Your objective:
Reproduce verbatim, line by line, everything from the line containing "SUMMIT RIDGE THE HILLS - Residential" to the last line of the listing below; add nothing.
** Record extracts follows **
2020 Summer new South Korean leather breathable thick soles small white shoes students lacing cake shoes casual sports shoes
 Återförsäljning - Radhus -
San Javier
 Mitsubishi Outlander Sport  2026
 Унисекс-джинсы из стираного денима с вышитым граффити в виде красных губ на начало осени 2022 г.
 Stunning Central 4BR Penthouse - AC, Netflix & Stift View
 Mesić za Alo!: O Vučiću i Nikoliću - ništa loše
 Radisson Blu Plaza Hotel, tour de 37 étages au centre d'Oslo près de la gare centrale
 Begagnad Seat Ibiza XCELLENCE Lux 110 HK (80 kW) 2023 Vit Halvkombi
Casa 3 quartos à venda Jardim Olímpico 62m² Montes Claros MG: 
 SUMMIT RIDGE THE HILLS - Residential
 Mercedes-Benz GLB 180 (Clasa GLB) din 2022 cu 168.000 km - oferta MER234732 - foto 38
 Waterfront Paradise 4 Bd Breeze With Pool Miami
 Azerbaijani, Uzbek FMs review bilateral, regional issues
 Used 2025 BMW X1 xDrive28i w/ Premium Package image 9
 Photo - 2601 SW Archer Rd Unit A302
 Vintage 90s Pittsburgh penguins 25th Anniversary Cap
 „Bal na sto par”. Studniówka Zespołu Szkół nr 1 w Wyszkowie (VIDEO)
** End of Record extracts **
Task result:
 SUMMIT RIDGE THE HILLS - Residential
 Mercedes-Benz GLB 180 (Clasa GLB) din 2022 cu 168.000 km - oferta MER234732 - foto 38
 Waterfront Paradise 4 Bd Breeze With Pool Miami
 Azerbaijani, Uzbek FMs review bilateral, regional issues
 Used 2025 BMW X1 xDrive28i w/ Premium Package image 9
 Photo - 2601 SW Archer Rd Unit A302
 Vintage 90s Pittsburgh penguins 25th Anniversary Cap
 „Bal na sto par”. Studniówka Zespołu Szkół nr 1 w Wyszkowie (VIDEO)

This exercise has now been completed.